Assigned task>
Begin with the line in which "Cargo Pants for" appears and end with the final line of the entries. Retype each one exactly and add nothing.

Data for the task>
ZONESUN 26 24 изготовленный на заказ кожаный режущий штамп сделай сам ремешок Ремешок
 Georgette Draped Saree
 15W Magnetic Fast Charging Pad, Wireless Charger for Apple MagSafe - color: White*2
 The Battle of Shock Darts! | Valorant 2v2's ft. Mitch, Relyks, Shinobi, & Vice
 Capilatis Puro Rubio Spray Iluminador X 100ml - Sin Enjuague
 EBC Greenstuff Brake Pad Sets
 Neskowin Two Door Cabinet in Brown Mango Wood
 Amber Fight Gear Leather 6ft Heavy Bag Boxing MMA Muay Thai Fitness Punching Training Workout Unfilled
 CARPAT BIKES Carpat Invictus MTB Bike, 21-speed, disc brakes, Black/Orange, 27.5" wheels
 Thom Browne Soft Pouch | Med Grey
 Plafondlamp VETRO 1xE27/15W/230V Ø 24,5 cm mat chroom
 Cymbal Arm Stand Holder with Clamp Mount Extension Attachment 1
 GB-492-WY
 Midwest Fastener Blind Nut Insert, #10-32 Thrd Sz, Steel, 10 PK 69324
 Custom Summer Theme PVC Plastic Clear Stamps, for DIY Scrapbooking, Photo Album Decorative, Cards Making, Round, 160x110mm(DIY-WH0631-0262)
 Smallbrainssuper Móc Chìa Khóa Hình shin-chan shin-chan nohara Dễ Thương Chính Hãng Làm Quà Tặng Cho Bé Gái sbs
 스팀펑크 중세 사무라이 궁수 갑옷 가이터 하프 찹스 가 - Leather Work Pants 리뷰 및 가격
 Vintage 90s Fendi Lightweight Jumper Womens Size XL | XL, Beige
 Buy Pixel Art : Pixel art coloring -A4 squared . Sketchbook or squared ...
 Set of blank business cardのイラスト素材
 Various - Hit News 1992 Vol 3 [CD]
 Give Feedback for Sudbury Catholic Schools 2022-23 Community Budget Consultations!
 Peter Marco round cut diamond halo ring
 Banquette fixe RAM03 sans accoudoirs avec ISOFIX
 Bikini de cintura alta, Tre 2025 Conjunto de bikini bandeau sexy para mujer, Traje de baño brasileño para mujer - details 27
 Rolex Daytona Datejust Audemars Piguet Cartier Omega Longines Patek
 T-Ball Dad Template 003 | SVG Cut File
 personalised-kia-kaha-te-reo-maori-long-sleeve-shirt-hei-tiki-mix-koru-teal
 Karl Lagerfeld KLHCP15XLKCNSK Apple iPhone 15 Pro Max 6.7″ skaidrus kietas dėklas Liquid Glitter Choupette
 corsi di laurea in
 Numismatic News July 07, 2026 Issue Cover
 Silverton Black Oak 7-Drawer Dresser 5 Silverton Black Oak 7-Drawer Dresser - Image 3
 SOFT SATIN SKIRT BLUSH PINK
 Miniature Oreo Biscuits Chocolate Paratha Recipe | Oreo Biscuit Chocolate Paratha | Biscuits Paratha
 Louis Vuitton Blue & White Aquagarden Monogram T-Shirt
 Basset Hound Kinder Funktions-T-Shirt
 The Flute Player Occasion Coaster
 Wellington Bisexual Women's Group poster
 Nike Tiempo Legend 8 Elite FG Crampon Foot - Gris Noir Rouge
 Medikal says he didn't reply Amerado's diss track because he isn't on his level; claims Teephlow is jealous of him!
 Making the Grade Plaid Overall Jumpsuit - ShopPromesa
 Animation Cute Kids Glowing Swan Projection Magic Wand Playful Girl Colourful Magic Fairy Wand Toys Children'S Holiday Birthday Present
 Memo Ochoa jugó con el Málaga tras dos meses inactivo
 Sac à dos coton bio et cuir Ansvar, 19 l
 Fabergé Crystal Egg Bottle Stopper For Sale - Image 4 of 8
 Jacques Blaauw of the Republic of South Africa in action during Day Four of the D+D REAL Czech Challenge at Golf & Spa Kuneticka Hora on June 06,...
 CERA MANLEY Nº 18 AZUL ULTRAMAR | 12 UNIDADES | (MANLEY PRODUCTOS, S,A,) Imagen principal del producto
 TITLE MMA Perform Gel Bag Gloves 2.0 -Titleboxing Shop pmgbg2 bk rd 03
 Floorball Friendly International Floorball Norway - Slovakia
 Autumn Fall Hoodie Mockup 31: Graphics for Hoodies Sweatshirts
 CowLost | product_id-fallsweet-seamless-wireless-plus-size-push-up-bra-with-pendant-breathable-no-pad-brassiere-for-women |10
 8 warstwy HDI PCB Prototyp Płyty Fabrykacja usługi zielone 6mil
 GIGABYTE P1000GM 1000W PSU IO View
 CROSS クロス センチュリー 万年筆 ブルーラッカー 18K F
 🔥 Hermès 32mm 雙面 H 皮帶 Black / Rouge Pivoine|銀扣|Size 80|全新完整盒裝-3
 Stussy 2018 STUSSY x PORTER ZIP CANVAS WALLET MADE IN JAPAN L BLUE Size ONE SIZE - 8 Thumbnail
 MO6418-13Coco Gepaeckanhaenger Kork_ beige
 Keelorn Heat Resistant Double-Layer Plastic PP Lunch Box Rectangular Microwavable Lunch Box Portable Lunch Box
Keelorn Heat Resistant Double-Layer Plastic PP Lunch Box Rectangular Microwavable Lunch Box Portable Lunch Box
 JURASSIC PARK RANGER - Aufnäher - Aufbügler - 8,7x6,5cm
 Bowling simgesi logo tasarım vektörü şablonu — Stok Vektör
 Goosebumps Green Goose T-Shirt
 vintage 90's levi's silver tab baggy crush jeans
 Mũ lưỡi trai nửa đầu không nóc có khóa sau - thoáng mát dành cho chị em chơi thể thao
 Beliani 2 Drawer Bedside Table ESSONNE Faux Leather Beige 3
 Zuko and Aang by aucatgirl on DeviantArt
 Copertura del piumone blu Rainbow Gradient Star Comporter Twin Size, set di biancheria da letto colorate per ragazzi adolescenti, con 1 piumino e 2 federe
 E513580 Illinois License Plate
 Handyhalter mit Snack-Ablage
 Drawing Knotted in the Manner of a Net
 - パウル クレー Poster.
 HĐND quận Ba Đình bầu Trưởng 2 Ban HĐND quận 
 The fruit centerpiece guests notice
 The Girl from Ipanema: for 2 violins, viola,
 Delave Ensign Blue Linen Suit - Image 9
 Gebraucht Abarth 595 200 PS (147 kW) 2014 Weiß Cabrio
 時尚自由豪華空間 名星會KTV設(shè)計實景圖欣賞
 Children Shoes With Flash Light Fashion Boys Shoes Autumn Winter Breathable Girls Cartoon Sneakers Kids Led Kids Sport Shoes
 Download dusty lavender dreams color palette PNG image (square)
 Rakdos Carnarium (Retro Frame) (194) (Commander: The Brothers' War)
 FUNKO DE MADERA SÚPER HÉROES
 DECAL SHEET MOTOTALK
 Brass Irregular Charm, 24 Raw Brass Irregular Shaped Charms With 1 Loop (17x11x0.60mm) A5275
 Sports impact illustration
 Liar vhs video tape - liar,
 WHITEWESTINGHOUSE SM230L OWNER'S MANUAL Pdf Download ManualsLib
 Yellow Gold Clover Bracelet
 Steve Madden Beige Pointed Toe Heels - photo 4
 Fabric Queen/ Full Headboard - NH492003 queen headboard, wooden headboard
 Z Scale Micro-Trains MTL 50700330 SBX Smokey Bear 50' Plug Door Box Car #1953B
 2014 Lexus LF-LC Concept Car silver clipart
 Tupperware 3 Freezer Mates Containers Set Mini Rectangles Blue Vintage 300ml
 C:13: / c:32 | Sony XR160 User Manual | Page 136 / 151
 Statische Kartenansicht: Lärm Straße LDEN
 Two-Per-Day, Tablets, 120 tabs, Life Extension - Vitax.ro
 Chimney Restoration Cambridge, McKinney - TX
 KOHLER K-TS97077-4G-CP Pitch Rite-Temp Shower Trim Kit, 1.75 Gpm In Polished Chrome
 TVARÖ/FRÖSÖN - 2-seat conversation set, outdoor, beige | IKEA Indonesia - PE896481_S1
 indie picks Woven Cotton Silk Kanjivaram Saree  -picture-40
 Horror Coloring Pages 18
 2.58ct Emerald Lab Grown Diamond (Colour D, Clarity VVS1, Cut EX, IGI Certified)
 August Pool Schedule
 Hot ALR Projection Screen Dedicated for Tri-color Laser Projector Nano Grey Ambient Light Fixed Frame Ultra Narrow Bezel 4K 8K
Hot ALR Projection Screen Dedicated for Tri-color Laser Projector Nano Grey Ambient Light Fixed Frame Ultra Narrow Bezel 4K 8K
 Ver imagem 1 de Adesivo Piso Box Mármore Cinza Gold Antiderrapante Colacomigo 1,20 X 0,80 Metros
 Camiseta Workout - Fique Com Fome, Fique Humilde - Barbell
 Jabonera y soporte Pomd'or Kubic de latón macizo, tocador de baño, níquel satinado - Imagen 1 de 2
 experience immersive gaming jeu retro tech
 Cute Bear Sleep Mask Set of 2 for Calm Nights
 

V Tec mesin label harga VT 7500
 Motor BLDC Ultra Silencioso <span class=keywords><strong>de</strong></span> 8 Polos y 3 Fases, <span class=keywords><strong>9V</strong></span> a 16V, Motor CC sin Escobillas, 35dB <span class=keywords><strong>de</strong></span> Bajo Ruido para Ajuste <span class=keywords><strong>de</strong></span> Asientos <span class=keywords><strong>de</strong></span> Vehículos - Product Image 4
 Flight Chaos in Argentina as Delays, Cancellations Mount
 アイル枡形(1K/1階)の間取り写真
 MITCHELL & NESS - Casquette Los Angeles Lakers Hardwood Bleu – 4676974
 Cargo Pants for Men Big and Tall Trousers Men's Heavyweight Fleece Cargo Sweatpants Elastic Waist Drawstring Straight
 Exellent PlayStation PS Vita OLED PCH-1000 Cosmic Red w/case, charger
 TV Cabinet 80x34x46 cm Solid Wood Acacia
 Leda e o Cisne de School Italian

Answer box>
 Cargo Pants for Men Big and Tall Trousers Men's Heavyweight Fleece Cargo Sweatpants Elastic Waist Drawstring Straight
 Exellent PlayStation PS Vita OLED PCH-1000 Cosmic Red w/case, charger
 TV Cabinet 80x34x46 cm Solid Wood Acacia
 Leda e o Cisne de School Italian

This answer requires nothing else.